Some of you may know that today is the World Mental Health Day. It also happens to be the World Sight Day. And tomorrow will be the International Day of the Girl Child, and yesterday was World Post Day. Yes, the one that celebrates the postal union.
Did you know about any of this? Did you know, that in fact, the United Nations calendar has 118 international days to celebrate in a year? The entire list can be found here (http://www.un.org/en/events/observances/days.shtml) and there’s a high likelihood your birthday also falls on one of these aforementioned days. Some of the days may seem really silly to you, such as World Television Day, and you can be sure that this list is by no means exhaustive. We’re pretty much running out of days to commemorate things with, and most of the time, we just celebrate what is important to us, and use it as an excuse to run some awesome event.

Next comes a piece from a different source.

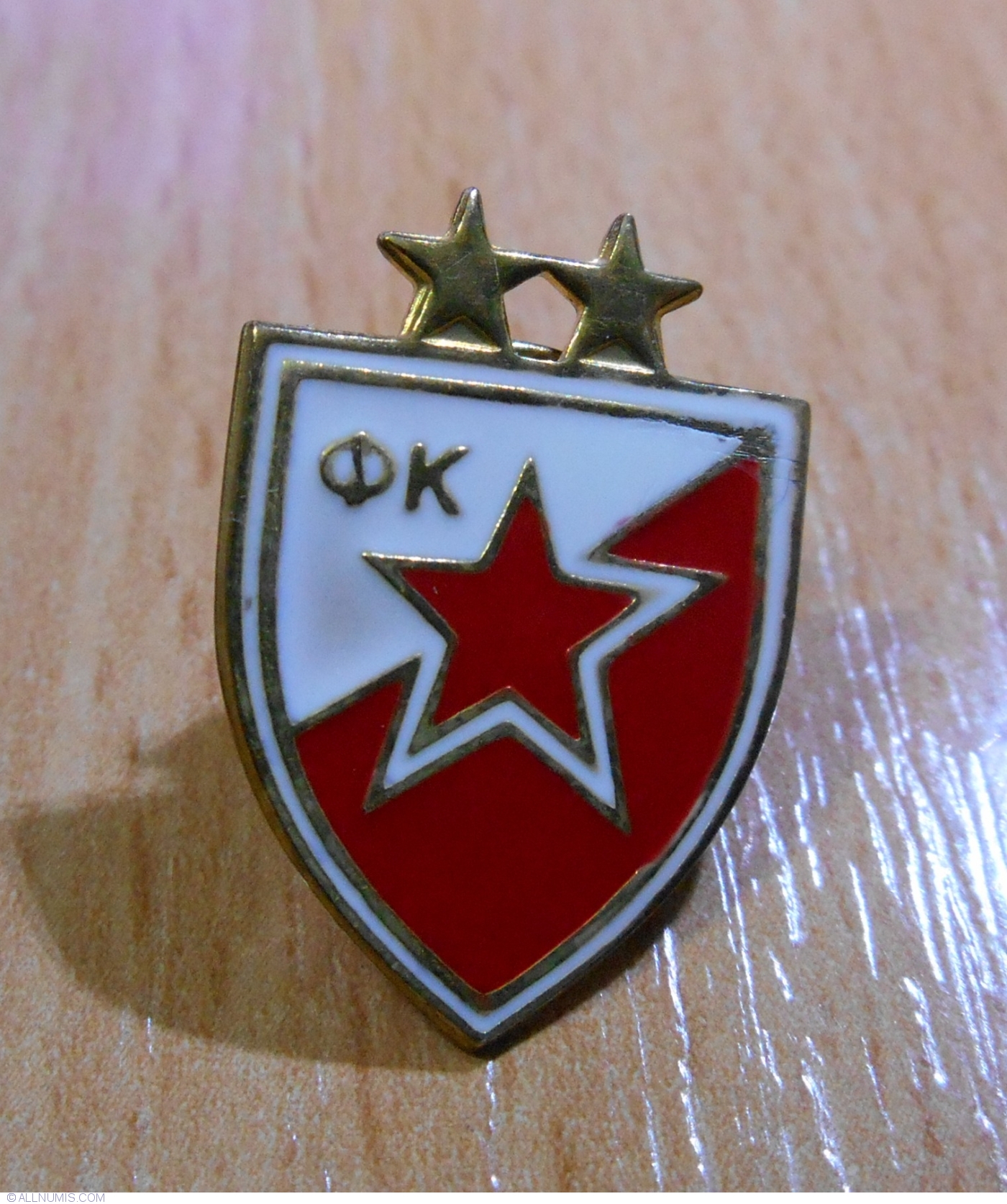 FK RADNICKI Pirot (Serbia) Yugoslavia football club, vintage pin, Badge !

This is the same as joining a club in school. There are hundreds of clubs in the National University of Singapore, for instance, and everyday during the first few weeks of the semester, these clubs will be organising gatherings, welcome teas and whatnot. They are bound to clash in terms of days and timings, and everybody is so absorbed with planning for their own events that they don’t have the time or the inclination to participate in other club events. So in the end there are few participants and too many organisers.
So what’s the point of setting aside such days? Well, it’s always interesting and encouraging for people all over the world, passionate towards the same cause, to connect in a shared activity during that one day. And when people from all over the world take part in an event, it becomes a large-scale event, and large-scale events catch media attention. Publicity is always some element of such gestures.

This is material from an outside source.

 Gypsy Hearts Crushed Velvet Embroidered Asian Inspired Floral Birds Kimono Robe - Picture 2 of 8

Most of the time, something that happened that we want to remember fell on that day, and so later on people used the day as commemoration. At other times, the organisers involved just wanted a good day to kick off some ceremony, and they picked this particular day because it was convenient (and probably fell on a day when none of the managers took leave), and from then on the day was declared into existence.
This is much like birthdays. Certain people are ill-fated to have birthdays that always fall around the examination period, so people are either too busy studying to celebrate with them, or they do celebrate anyway and the birthday boy or girl feels terribly guilty to have taken them off studying (and also feels guilty towards himself not to have studied). Such people will usually either celebrate early or do so late. Another interesting similarity is that people really only remember their own birthdays and the ones of those closest to them. Kinda like clubs, isn’t it?
And all these celebratory days don’t even begin counting national hols, and the death anniversaries and birthdays of important people. Everyday is significant in some way to a large proportion of the population. Don’t you sometimes stop to think, what day is today? Whose birthday is it? Is somebody breathing their last breath this very moment? It helps you get a larger sense of the world, and cherish your own minuscule, insignificant life in the big picture of things too.